The Fair Tax Mark is an accreditation awarded by the Fair Tax Foundation Limited, a not-for-profit community benefit society, incorporated 18 February 2014, company number IP032308. It was developed by a collaboration of tax justice, corporate social responsibility and ethical consumerism experts.

A Fair Tax Mark certified business demonstrates a substantive commitment to responsible tax conduct, financial transparency and beneficial ownership disclosure. There must be a binding tax policy that explicitly shuns tax avoidance and the artificial use of tax havens, and no recent evidence of contradicting activities. The focus of the accreditation is corporate income tax.

The Tax Justice Network assisted in raising initial funding, and it is supported by a number of other organisations including the Public and Commercial Services Union.

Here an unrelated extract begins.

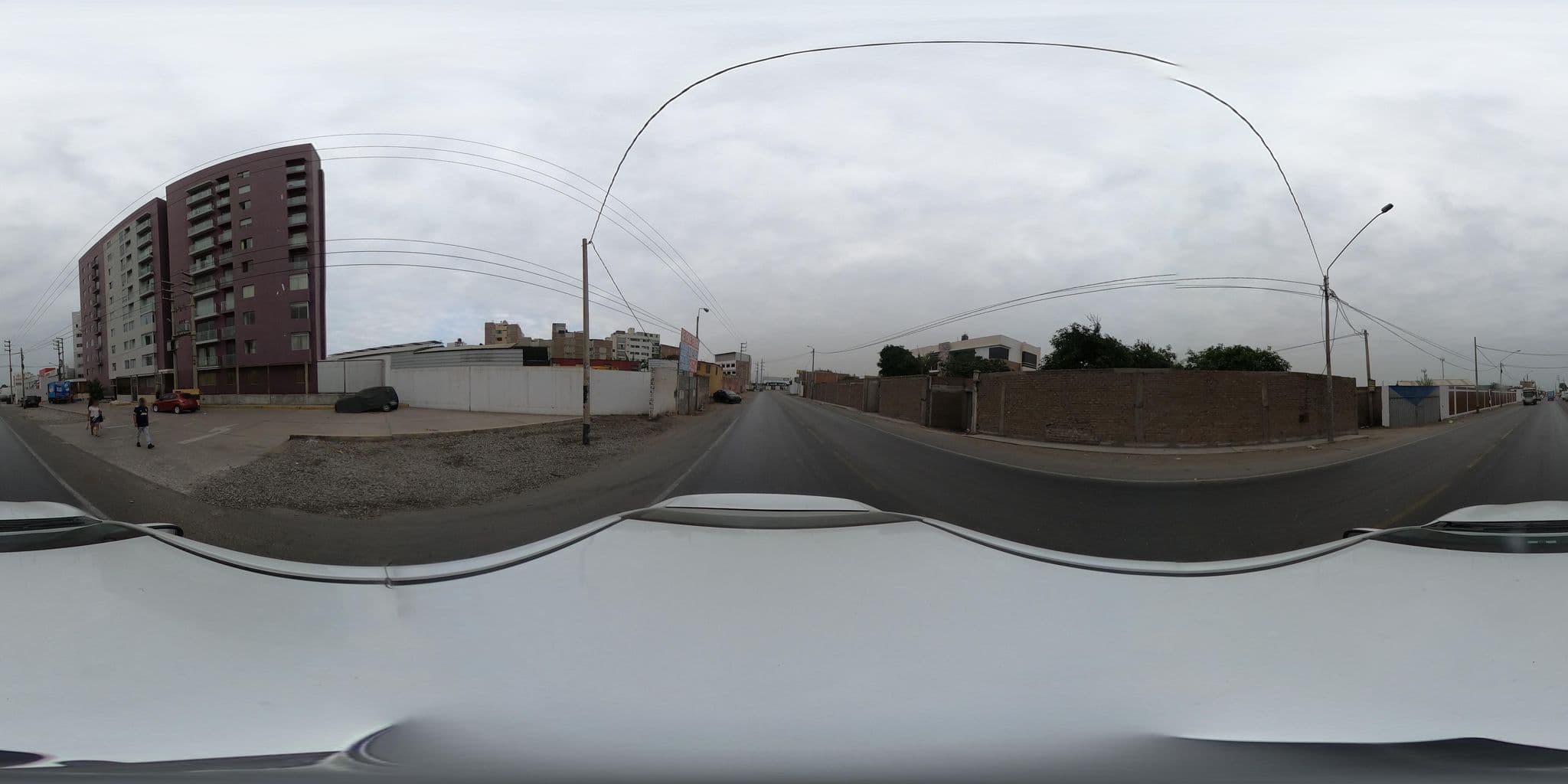 Street view near Bungalow's El Faraon, Trujillo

Initially, the label was only available to companies head-quartered in the UK, but in 2021 the label became available globally with the launch of a new business standard for multinational enterprises, with Vattenfall the first to be certified.

In 2024, the Fair Tax Foundation launched the Tax Responsibility and Transparency Index, together with CSR Europe.

==Awardees==
The first organisations to be accredited, in February 2014, were Midcounties Co-operative, The Phone Co-op and Unity Trust Bank.

SSE plc was the first FTSE100 company to achieve the mark.

At end 2024, Ethical Consumer reported that "there are over 250 organisations who have signed up" and that there were now "certified businesses in Denmark, Finland, Germany, Italy, the Netherlands, and Sweden." Subsequently, Iberdrola became the first certified business in Spain.